Ramki: Is the criteria for table change programmable? This would be useful to generate significant change events based on application needs.
Not as of now. We’ve kicked around the idea of changing a subscription from an entire table to an arbitrary slice of a table (expressed via Datalog). That functionality will be necessary for dealing with large datasources like Ceilometer. But we don’t have the design fleshed out or the people to build it.
Tim
Thanks,
Ramki
From: Tim Hinrichs [mailto:thinrichs at vmware.com]
Sent: Thursday, February 26, 2015 10:17 AM
To: OpenStack Development Mailing List (not for usage questions)

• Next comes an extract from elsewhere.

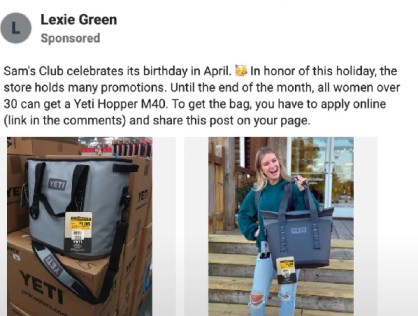 Sam's club yeti bag scam ad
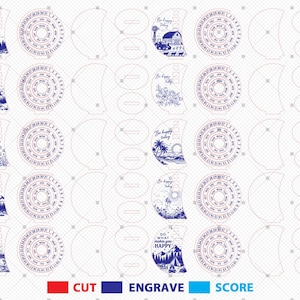 Puede incluir: Una l&aacute;mina cortada con l&aacute;ser con dise&ntilde;os de calendario que incluyen las frases "Be happy today" y "Do what makes you HAPPY". Los dise&ntilde;os incluyen un faro, monta&ntilde;as y una escena de granja. La l&aacute;mina tambi&eacute;n incluye l&iacute;neas de corte para el montaje.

Subject: Re: [openstack-dev] [Congress][Delegation] Initial workflow design
Inline.
From: "ruby.krishnaswamy at orange.com<mailto:ruby.krishnaswamy at orange.com>" <ruby.krishnaswamy at orange.com<mailto:ruby.krishnaswamy at orange.com>>
Reply-To: "OpenStack Development Mailing List (not for usage questions)" <openstack-dev at lists.openstack.org<mailto:openstack-dev at lists.openstack.org>>
Date: Wednesday, February 25, 2015 at 8:53 AM
To: "OpenStack Development Mailing List (not for usage questions)" <openstack-dev at lists.openstack.org<mailto:openstack-dev at lists.openstack.org>>
Subject: Re: [openstack-dev] [Congress][Delegation] Initial workflow design
Hi Tim, All,
1) Step 3: The VM-placement engine is also a “datalog engine” . Right?
When policies are delegated:
when policies are inserted? When the VM-placement engine has already registered itself all policies are given to it?
“In our example, this would mean the domain-specific policy engine executes the following API call over the DSE”
ð “domain-agnostic” ….
Done.
2) Step 4:
Ok
But finally: if Congress will likely “delegate”
Not sure what you’re suggesting here.
3) Step 5: Compilation of subpolicy to LP in VM-placement engine
For the PoC, it is likely that the LP program ( in PuLP or some other ML) is *not* completely generated by compiler/translator.
ð Right?
Where does the rest of the program originate? I’m not saying the entire LP program is generated from the Datalog constraints; some of it is generated by the solver independent of the Datalog. In the text, I gave the example of defining hMemUse[j].
You also indicate that some category of constraints (“the LP solver doesn’t know what the relationship between assign[i][j], hMemUse[j], and vMemUse[i] actually is, so the VM-placement engine must also include constraints”) .
These constraints must be “explicitly” written? (e.g. max_ram_allocation etc that are constraints used in the solver-scheduler’s package).
The VM-placement engine does 2 things: (I) translates Datalog to LP and (ii) generates additional LP constraints. (Both work items could leverage any constraints that are builtin to a specific solver, e.g. the solver-scheduler. The point is that there are 2 distinct, conceptual origins of the LP constraints: those that represent the Datalog and those that codify the domain.
So what “parts” will be generated:
Cost function :
Constraint from Policy : memory usage < 75%
Then the rest should be “filled” up?
Could we convene on an intermediary “modeling language”?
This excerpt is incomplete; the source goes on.